4.1. Sources and effects of potential terrestrial contamination

There are two potential sources of terrestrial contamination in NWA 7034; hot desert weathering (this meteorite and its paired stones were found in Morocco) and sample preparation in the laboratory. Interior pieces of the NWA 7034 stone were used in this study to minimize the effects of terrestrial weathering. This alone cannot rule out all contamination and identifying and determining the extent of terrestrial weathering effects is not straight forward; since some martian meteorites exhibit only minor deviations in H-isotopic composition from terrestrial values, low δD is not necessarily indicative of terrestrial contamination (e.g., Hallis et al., 2012). Oxygen-isotope analysis of acid-washed and unwashed aliquots of NWA 7034 yielded similar isotopic values implying that there are few terrestrial alteration products present in this meteorite (Agee et al., 2013). However, H-isotope systematics may alter more readily than those of oxygen; timed hot desert-exposure of the severely shocked martian fall Tissint showed that even minor weathering on the scale of a few years can overprint the initial H-isotope systematics, increasing the water content and altering the isotopic composition (Stephant et al., 2018). Nevertheless, anhydrous phases like olivine were affected more than the phosphate merrillite, which appeared relatively unchanged after three years of desert-exposure. Realistically, the desert residence time of NWA 7034 is likely longer than a few years, possibly on the order of hundreds or thousands of years. Interclastic matrix would presumably alter more quickly than other material, as seen in chondrites (e.g., Schrader et al., 2014), but matrix apatite grains in NWA 7034 show no evidence for terrestrial alteration. In fact, they have some of the heaviest H-isotopic ratios and lowest H2O concentrations, the opposite of what is expected if they were significantly terrestrially weathered. While terrestrial weathering of NWA 7034 during its residence in a hot desert cannot be completely ruled out, we anticipate that anhydrous phases would be more affected than those with higher water contents, such as apatite.

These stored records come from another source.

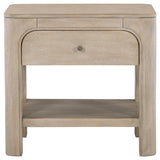 Solano Weathered Mango 1-Drawer Nightstand from Coaster - Luna Furniture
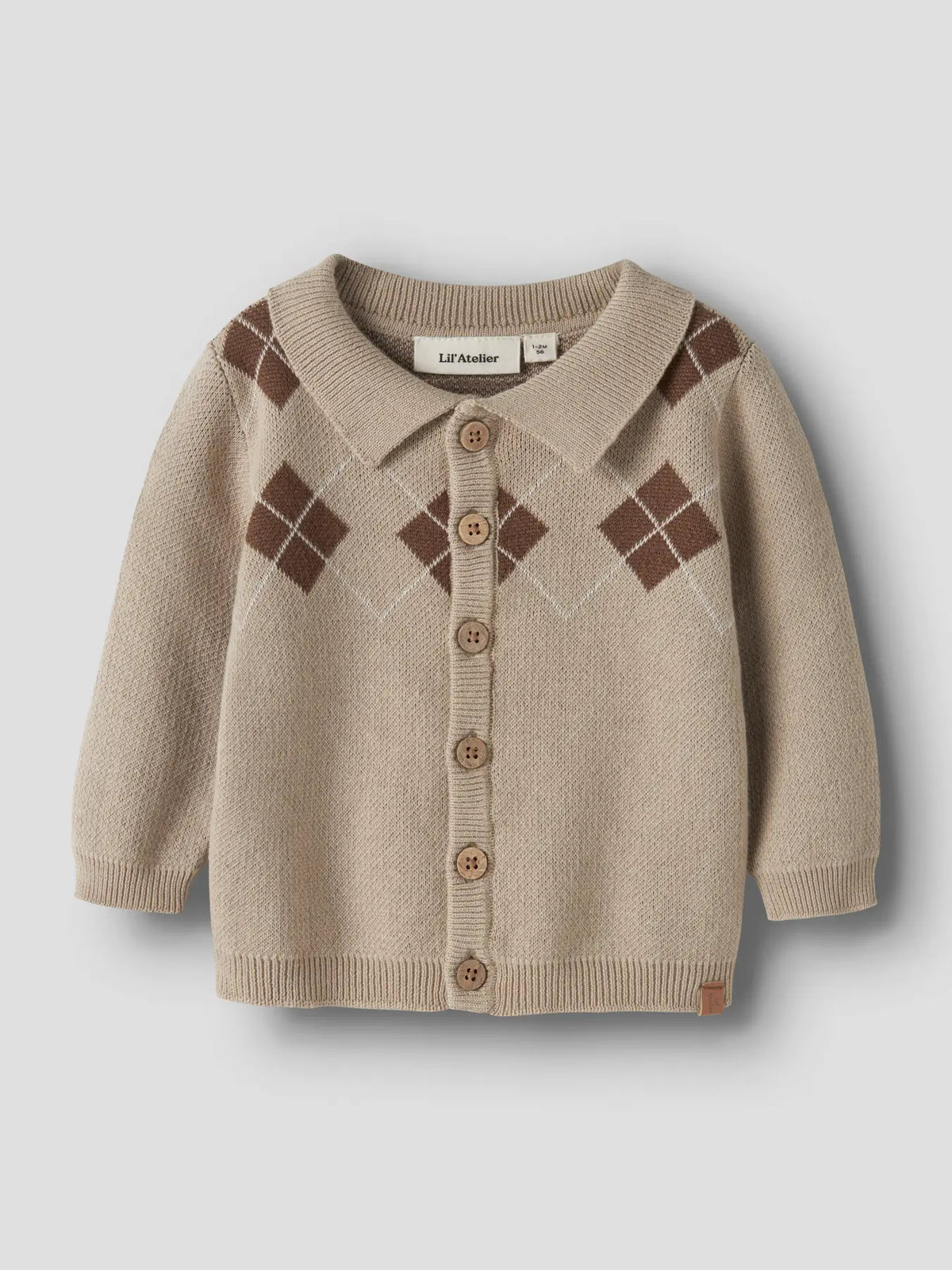 Lil`Atelier strikket cardigan RONAN White Pepper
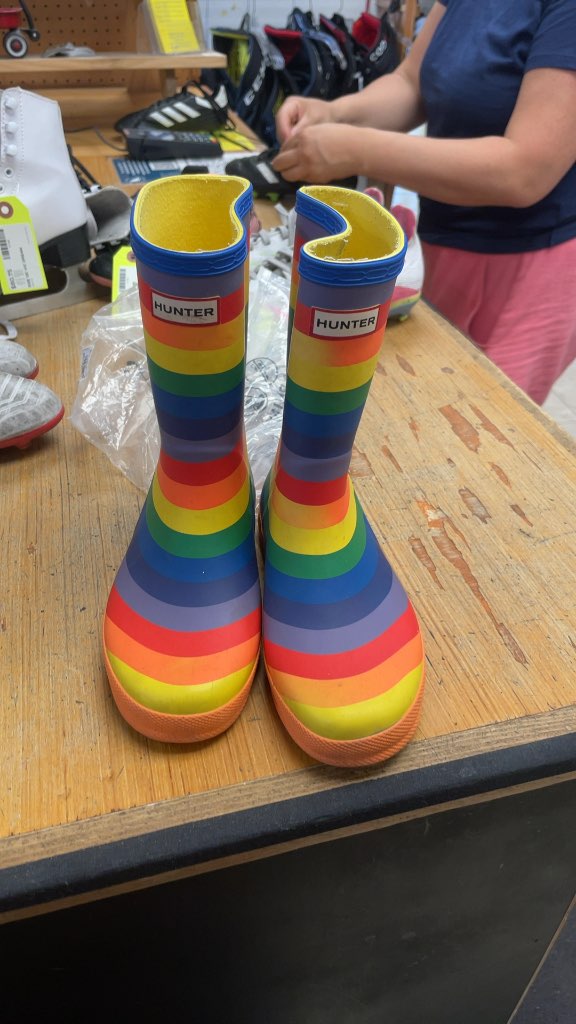 Hunter Rainbow Rain Boots - Size 2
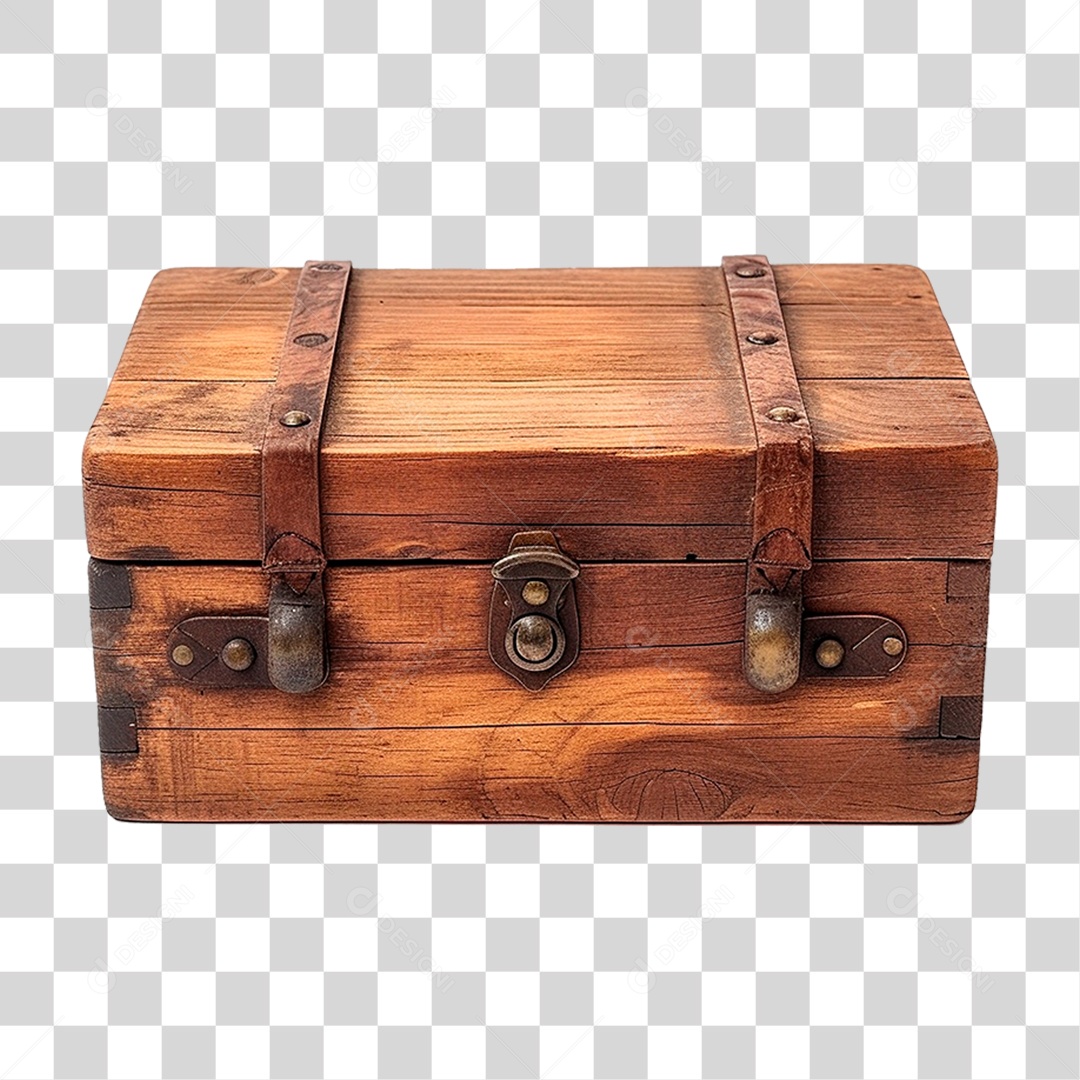 Baú de Madeira PNG Transparente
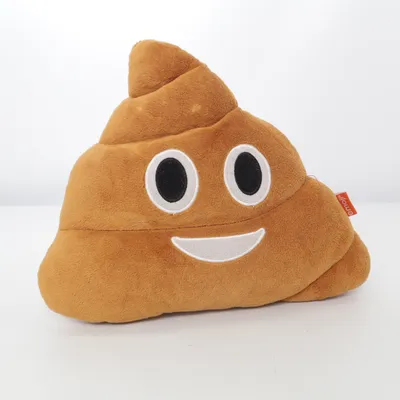 Coussin décoratif (Poop) de Emoji Polyester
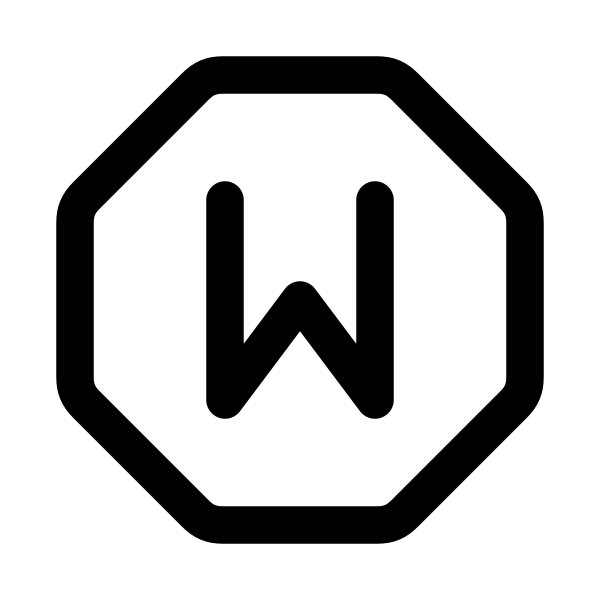Letter W Octagon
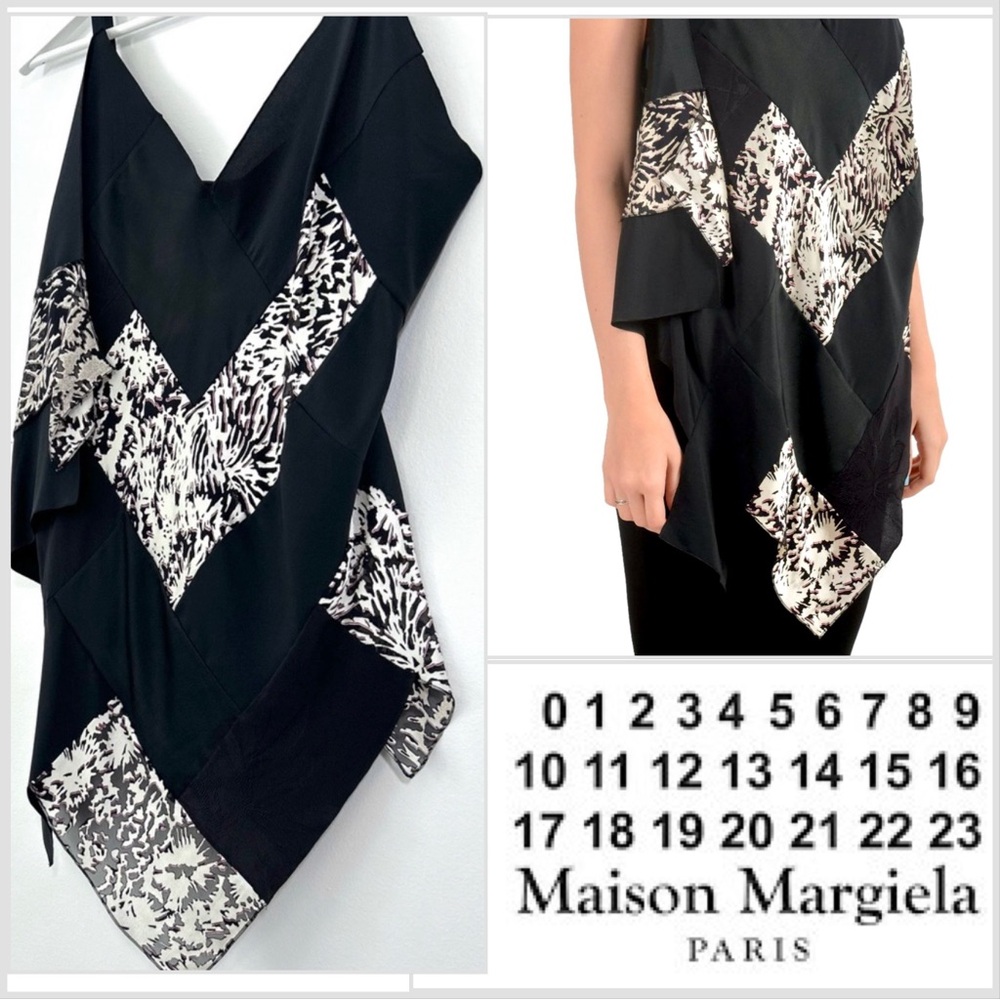Maison Margiela Women's Silk Sleeveless Asymmetrical Blouse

Anhydrous methods were used to reduce the potential for contamination during sample preparation and samples were stored in a dry nitrogen cabinet to minimize adsorbed water. A comparison with a sample prepared more traditionally with epoxy is included in Appendix A; apatite grains in the epoxy-mounted sample have slightly but systematically higher H2O concentrations than those in the anhydrously prepared samples (858–10677 ppm vs. 796–8201 ppm H2O, respectively) and have somewhat isotopically lighter H (δD = −69 to 961 ‰ vs. 17–1164 ‰, respectively) (Fig. A3). However, we cannot rule out the possibility that the minor differences in the measured H2O concentrations and δD values between the epoxy-mounted and the anhydrously-prepared samples are simply a sampling artifact. Nevertheless, due to the inability to accurately correct for the abundance and isotopic composition of the instrumental H background for the apatite analyses conducted on the epoxy-mounted section of NWA 7034 (see discussion in Appendix A) we do not include those data in this discussion.

Although there is some overlap, the δD values (δD = 17–1164 ‰) determined here for apatite in NWA 7034 are lower, and H2O concentrations (796–8201 ppm H2O) are higher, than those estimated in two prior investigations conducted via NanoSIMS by Hu et al. (2019; δD = 313–2459 ‰; 184–3429 ppm H2O) and Barnes et al. (2020; δD = 904–2030 ‰; 672–1728 ppm H2O). A preliminary IMS-1280 SIMS investigation of NWA 11522 (Smith et al., 2019), a sample paired with NWA 7034, yielded δD values (δD = 52–782 ‰) and water concentrations (1380–5100 ppm H2O) intermediate between those reported here and those of the NanoSIMS studies of Hu et al. (2019) and Barnes et al. (2020). However, it is difficult to attribute the higher average water concentrations measured here to terrestrial contamination because our indium-mounted samples were prepared anhydrously.

Alternatively, these differences may be explained by inherent sample heterogeneities across the suite of regolith breccias. NWA 7533, another meteorite from the NWA 7034 pairing, has a bulk water content of ~8000 ppm (Beck et al., 2015), compared to ~6000 ppm determined for NWA 7034 (Agee et al., 2013); this indicates that these regolith breccias have highly variable water contents. It is possible that the NWA 7034 material studied here is inherently more H2O-rich than the NWA 7034 samples analyzed in other studies.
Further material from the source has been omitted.